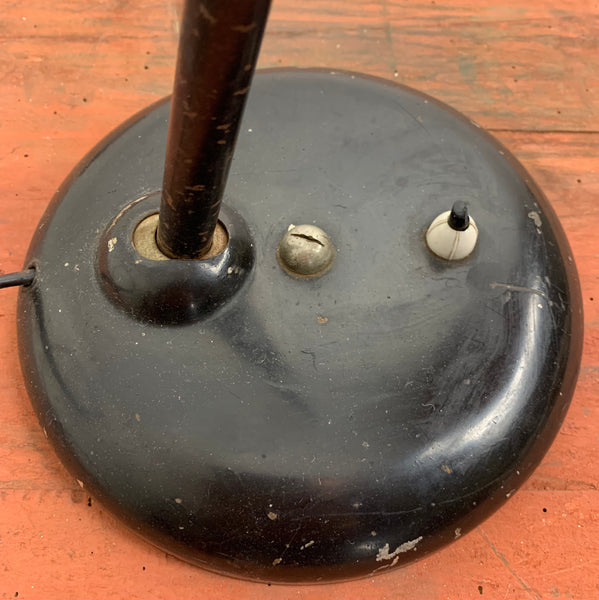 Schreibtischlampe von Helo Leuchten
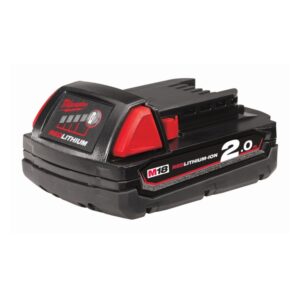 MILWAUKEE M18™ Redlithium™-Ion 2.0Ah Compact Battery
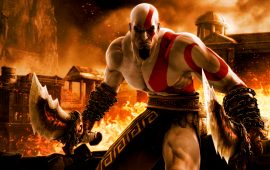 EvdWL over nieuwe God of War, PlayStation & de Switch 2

> TASK STATEMENT
From the line containing "MILWAUKEE M18™ Redlithium™-Ion" to the end of the data above, give those lines again verbatim, with both endpoints included and no images.

> ANSWER BOX
 MILWAUKEE M18™ Redlithium™-Ion 2.0Ah Compact Battery
 EvdWL over nieuwe God of War, PlayStation & de Switch 2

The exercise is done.